━━━━━ EXTRACTED RECORDS ━━━━━

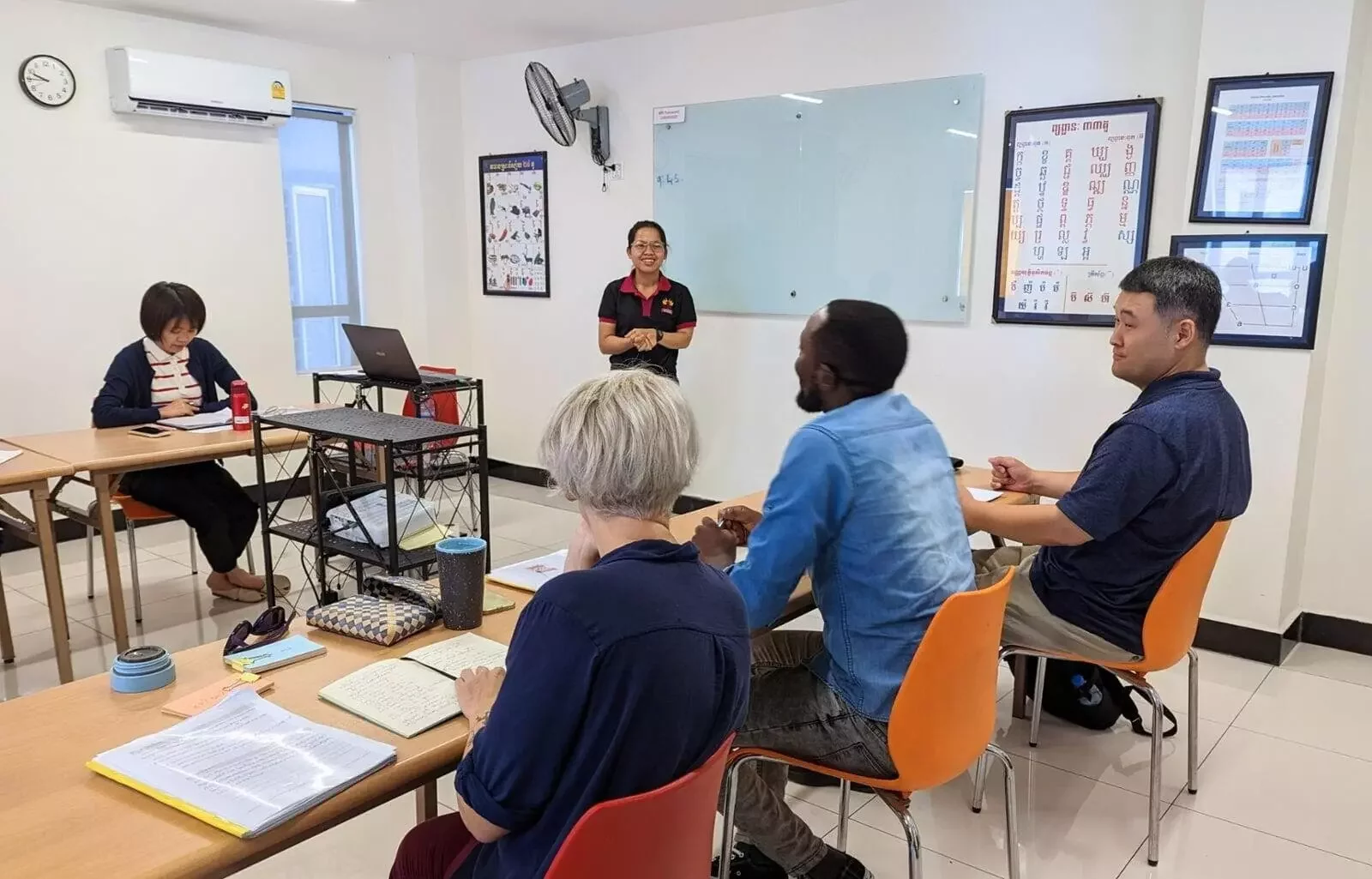 Samphors teaching an in-person Khmer class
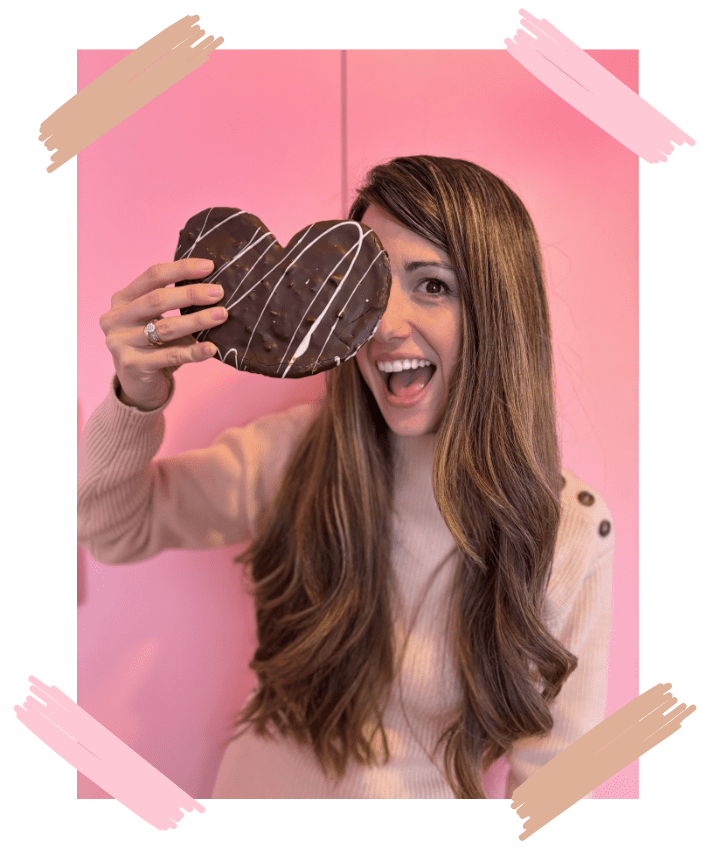 Isabel con una palmera de chocolate y kinder en la mano tapando su cara y sonriendo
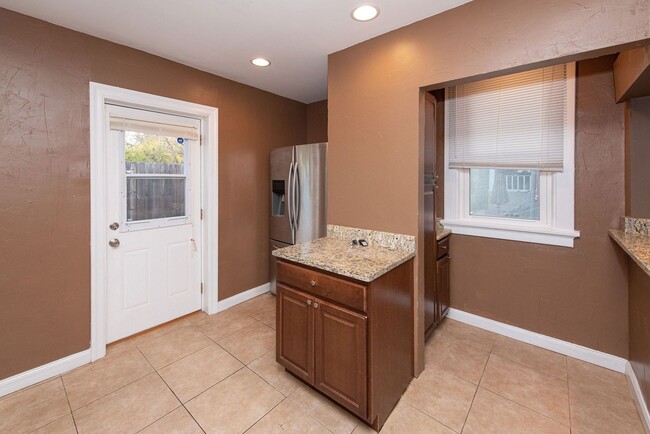 Building Photo - NORWOOD-  UNIT #1, 2+ bedroom 1.5 BATH W/ GARAGE /OVERSIZED YARD/DECK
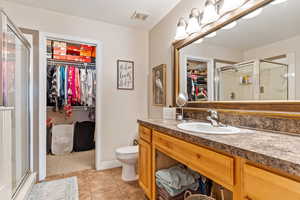 Bathroom with tile patterned flooring, a shower with shower door, toilet, and vanity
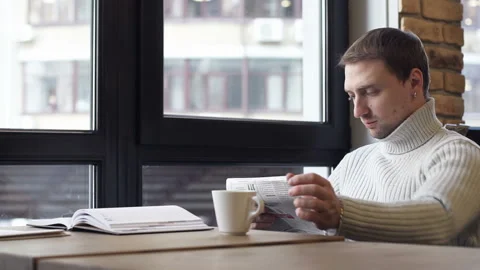 A guy in a cafe reading a newspaper and drinking coffee Stock-Footage 105288350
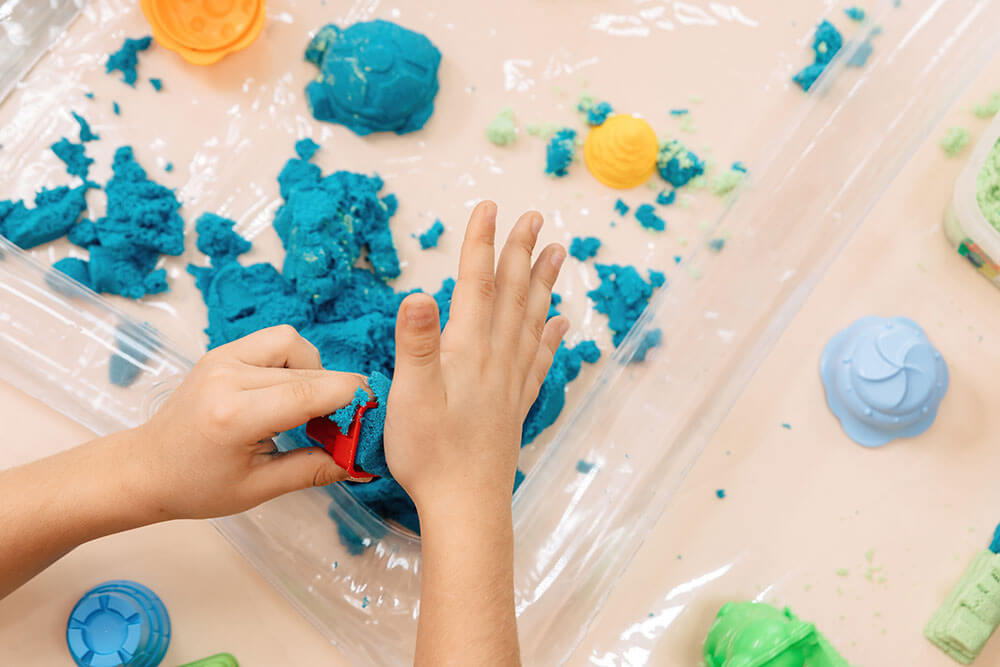 child playing with blue magic sand and colorful toys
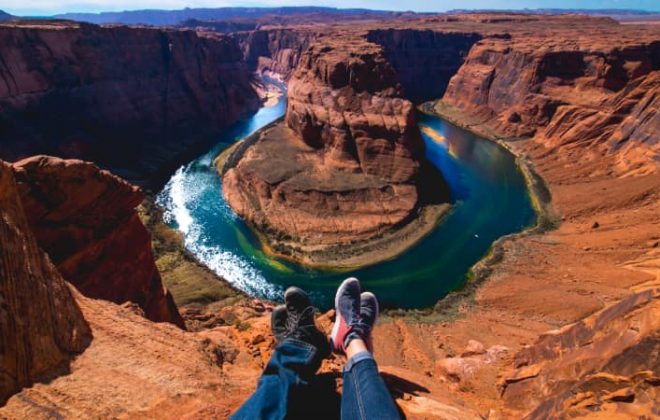 A couple dangle their feet on the edge of the Grand Canyon, the Colorado River visible below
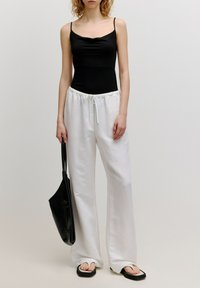 Schwarzer, figurbetonter Bodysuit, weiße Leinen-Hosen mit weitem Bein und elastischem Bund, schwarze flache Sandalen und eine schwarze Tote-Tasche.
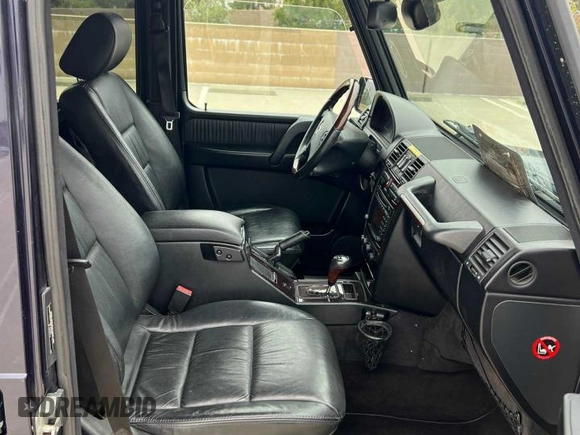 2002 Mercedes-Benz G-Class with VIN WDCYR49E72X133986, listed as a Copart auction lot 54624435 with 138,597 mi miles and Salvage Title. Bid and sale history available at carsss.com. Image 5.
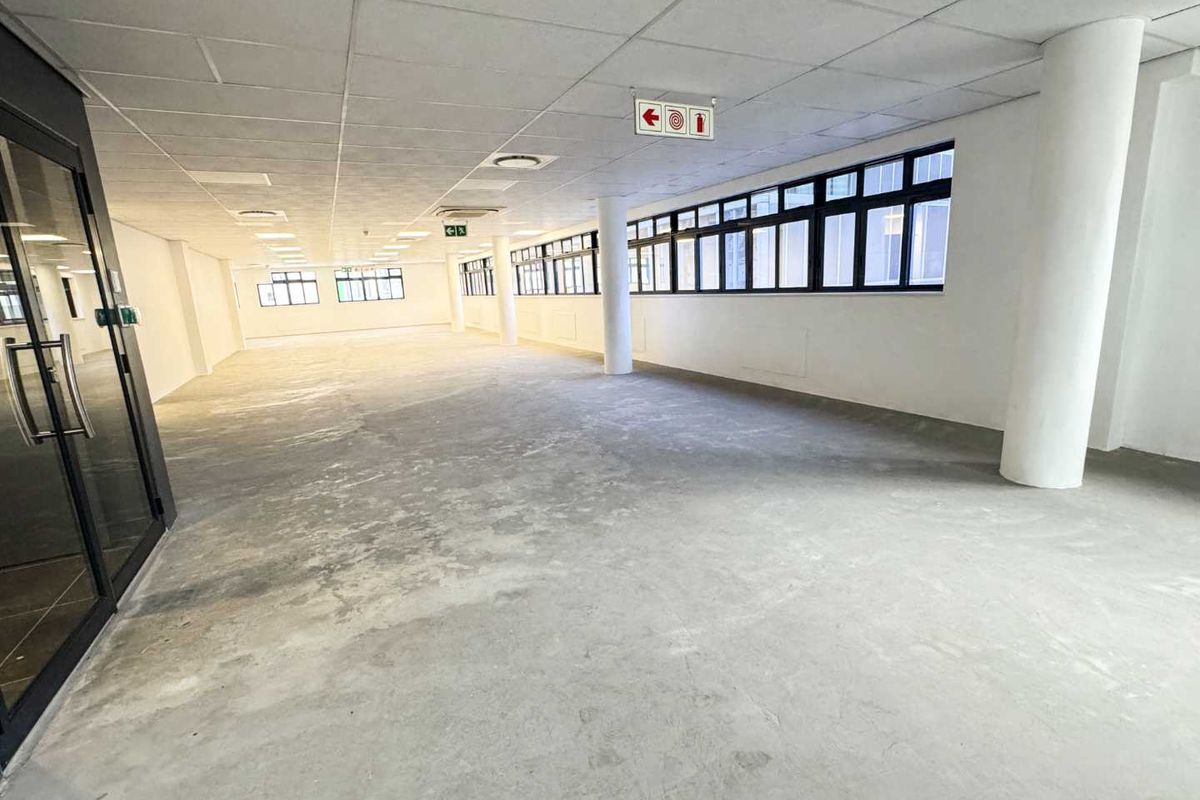 A spacious, open-plan office area featuring a suspended ceiling, large windows providing natural light, and structural columns, ready for custom fit-out.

━━━━━

### INSTRUCTIONS TO FOLLOW
From the line containing "2002 Mercedes-Benz G-Class" down to the end of the data above, reproduce each line exactly; no pictures.

### TASK SOLUTION
 2002 Mercedes-Benz G-Class with VIN WDCYR49E72X133986, listed as a Copart auction lot 54624435 with 138,597 mi miles and Salvage Title. Bid and sale history available at carsss.com. Image 5.
 A spacious, open-plan office area featuring a suspended ceiling, large windows providing natural light, and structural columns, ready for custom fit-out.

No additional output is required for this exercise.